Entretien avec François-Marie Deyrolle, à propos du livre de Fouad El-Etr, L’escalier de la rue de Seine (par Laurent Fassin)
Laurent Fassin : L’escalier de la rue de Seine, ouvrage au titre à la fois simple et énigmatique du poète, traducteur et éditeur libanais Fouad El-Etr, que publie L’Atelier Contemporain, échappe à tous les genres. Ou plutôt il crée son propre genre en jouant sur plusieurs registres : roman picaresque, mémoires d’un aventurier esthète, histoire d’une revue fondée en 1967, La Délirante, au nom inspiré par un voilier, comme un appel du grand large ou le clin d’œil des Muses (ces cahiers donneront six années plus tard naissance aux éditions éponymes) ; enfin livre d’amitiés (le dessinateur et peintre Sam Szafran y est particulièrement à l’honneur) ; l’auteur ne faisant pas aussi mystère de quelques inimitiés…

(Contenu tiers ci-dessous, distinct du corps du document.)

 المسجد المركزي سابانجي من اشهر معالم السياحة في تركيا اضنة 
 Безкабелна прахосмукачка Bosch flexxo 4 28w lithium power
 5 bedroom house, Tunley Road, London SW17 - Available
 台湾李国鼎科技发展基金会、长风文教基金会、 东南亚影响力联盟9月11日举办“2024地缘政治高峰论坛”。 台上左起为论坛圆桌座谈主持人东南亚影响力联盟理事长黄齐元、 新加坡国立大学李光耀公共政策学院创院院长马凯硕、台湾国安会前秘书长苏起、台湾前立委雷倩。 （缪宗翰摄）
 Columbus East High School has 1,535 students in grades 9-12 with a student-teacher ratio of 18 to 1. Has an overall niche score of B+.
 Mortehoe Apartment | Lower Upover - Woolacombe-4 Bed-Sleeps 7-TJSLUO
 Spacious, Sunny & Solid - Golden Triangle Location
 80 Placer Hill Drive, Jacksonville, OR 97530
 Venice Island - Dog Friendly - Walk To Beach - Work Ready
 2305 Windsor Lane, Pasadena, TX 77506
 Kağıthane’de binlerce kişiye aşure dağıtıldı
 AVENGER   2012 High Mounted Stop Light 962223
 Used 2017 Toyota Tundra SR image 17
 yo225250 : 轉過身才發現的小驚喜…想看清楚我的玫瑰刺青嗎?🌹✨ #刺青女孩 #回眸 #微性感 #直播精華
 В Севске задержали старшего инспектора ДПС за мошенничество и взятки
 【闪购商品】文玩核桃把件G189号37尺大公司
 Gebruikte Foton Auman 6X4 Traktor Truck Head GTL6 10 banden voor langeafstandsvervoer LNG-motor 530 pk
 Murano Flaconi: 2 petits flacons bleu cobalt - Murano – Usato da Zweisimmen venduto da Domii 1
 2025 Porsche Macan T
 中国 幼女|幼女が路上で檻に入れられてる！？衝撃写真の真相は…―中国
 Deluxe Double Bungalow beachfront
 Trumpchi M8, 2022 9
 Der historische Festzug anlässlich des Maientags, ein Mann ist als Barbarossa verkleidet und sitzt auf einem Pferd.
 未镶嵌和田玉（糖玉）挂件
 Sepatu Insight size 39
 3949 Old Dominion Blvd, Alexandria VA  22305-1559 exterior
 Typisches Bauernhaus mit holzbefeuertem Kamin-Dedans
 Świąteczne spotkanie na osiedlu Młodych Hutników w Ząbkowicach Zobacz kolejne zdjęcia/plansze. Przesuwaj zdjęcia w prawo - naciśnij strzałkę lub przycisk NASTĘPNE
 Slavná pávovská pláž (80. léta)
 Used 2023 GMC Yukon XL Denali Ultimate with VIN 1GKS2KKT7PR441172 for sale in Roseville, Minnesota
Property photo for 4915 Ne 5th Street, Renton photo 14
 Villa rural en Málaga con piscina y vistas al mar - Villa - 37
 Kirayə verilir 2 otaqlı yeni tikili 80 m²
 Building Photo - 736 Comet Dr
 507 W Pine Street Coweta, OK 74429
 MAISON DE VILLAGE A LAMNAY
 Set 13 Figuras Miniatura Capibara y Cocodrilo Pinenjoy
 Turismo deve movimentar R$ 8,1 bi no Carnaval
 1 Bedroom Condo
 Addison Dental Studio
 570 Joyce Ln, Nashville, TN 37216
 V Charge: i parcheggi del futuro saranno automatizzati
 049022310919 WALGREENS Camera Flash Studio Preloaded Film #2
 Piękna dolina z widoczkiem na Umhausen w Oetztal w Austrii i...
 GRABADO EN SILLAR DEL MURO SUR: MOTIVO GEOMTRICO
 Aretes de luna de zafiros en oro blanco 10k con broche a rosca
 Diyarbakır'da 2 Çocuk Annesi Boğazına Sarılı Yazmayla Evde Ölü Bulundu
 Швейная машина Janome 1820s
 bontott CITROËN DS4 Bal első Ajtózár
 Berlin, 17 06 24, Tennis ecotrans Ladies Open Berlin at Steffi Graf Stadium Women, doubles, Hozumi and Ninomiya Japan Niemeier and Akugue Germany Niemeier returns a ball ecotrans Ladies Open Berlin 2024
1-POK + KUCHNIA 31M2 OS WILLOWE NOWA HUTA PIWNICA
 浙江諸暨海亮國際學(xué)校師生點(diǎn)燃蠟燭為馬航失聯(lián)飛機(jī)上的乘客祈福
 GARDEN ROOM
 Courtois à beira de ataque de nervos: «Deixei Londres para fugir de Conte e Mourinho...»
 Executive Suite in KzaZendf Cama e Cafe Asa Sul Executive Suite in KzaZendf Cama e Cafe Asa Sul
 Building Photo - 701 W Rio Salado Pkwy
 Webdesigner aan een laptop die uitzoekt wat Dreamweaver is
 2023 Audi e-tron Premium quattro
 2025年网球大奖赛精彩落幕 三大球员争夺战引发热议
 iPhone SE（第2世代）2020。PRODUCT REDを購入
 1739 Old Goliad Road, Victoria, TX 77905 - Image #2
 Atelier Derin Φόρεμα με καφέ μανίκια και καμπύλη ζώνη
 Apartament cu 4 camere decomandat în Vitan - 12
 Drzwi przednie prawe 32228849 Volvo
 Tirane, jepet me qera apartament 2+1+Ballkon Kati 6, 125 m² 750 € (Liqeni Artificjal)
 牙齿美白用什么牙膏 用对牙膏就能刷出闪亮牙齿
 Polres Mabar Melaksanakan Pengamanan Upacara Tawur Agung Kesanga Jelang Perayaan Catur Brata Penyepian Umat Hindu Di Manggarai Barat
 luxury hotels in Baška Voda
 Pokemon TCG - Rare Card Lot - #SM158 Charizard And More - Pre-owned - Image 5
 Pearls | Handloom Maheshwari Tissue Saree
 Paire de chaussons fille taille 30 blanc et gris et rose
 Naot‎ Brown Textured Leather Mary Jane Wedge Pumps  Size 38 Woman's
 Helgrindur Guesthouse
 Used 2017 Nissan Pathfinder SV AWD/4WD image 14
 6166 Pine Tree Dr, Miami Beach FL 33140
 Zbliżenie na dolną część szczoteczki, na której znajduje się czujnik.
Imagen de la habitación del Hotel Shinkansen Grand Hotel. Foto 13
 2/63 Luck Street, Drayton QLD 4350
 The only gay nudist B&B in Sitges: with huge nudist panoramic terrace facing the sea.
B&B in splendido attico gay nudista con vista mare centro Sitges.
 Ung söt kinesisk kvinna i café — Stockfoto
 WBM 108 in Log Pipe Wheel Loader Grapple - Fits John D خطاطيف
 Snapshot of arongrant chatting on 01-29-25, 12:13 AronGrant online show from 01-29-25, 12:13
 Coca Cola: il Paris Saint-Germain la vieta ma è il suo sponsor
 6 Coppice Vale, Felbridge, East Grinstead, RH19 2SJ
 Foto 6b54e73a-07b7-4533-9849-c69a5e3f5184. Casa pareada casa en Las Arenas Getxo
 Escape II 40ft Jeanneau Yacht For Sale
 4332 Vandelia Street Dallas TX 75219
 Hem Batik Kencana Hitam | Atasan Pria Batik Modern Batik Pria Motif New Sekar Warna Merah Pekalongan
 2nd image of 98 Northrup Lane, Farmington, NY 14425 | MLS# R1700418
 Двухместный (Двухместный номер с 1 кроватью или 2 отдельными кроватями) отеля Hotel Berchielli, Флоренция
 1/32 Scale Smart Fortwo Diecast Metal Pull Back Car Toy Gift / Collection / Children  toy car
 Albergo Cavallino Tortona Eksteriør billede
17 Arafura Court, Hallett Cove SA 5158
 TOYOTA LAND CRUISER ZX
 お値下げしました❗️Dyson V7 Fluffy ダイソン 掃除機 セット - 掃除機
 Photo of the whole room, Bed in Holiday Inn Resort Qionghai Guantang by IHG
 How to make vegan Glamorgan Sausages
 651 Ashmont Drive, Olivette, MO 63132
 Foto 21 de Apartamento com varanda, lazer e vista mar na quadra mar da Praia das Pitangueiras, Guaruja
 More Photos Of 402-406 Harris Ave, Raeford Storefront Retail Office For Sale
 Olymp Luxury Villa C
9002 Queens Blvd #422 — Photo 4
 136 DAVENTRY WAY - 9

François-Marie Deyrolle : Avant tout, c’est une œuvre littéraire et un témoignage. Je ne pense pas du reste que Fouad puisse dissocier ces pages de son œuvre poétique ou romanesque (1). Tous les qualificatifs que tu viens d’utiliser sont tout à fait justes. Cela montre la richesse du livre, extrêmement ouvert dans sa forme et par son contenu.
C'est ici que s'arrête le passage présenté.